World leaders are groping for ways to spark their slumping economies, as new information shows conditions are likely to get worse.

European Commission President Jose Manuel Barroso Wednesday warned EU leaders they must move quickly to approve a more than $260 billion region-wide stimulus package. And Japan's Finance Ministry said the Asian Development Bank needs to nearly triple the amount of money it has available for loans to about $165 billion to help emerging economies survive the global downturn.

The calls come as new reports show just how hard countries are being hit by the recession.

German officials say Europe's largest economy may have contracted by as much as 2 percent in the final three months of 2008, while the European Union says industrial production for its members plunged in November, falling almost 8 percent compared to the same time last year.

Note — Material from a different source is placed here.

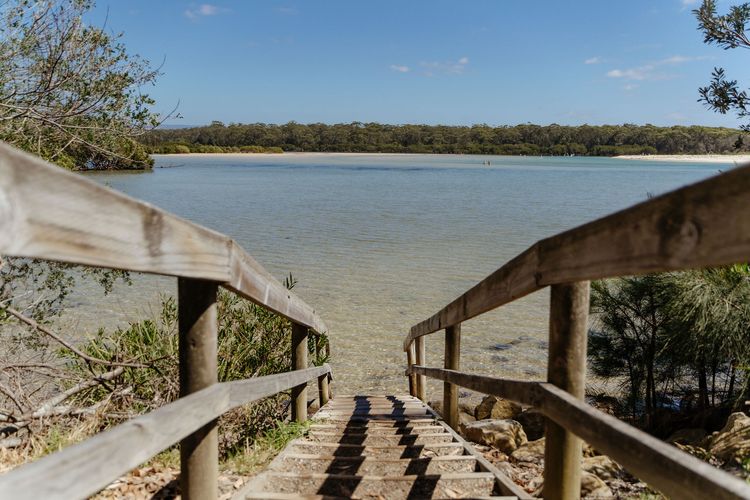 Peppertree Beach House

And South Korea says it lost 12,000 jobs from December 2007 to December 2008, the first yearly loss in more than five years.

Unemployment also is a huge concern in Thailand, where the country's central bank Wednesday slashed its key lending rate to two percent, the second cut is as many months.

The Thai Auto Industry Association expects production to fall by as much as 30 percent, and labor activists say some displaced workers are leaving manufacturing centers for the countryside in the hope of finding work.

China also taking measures to spark its economy. It announced Wednesday that it will cut fuel prices for a second time in four weeks. Chinese officials, and labor rights organizations like the Hong Kong-based China Labor Bulletin fear rising unemployment could lead to social unrest.

In Britain, the government is trying to help small and medium-sized companies, introducing a $29 billion program designed to provide them with credit. British Business Secretary Peter Mandelson says it is vital the government act now, before these companies collapse.

Concerns also are running high in Greece, where the stock market Wednesday fell about 5 percent after Standard and Poor's ratings agency downgraded the country's sovereign debt rating.

Some information for this report was provided by AFP, AP and Reuters.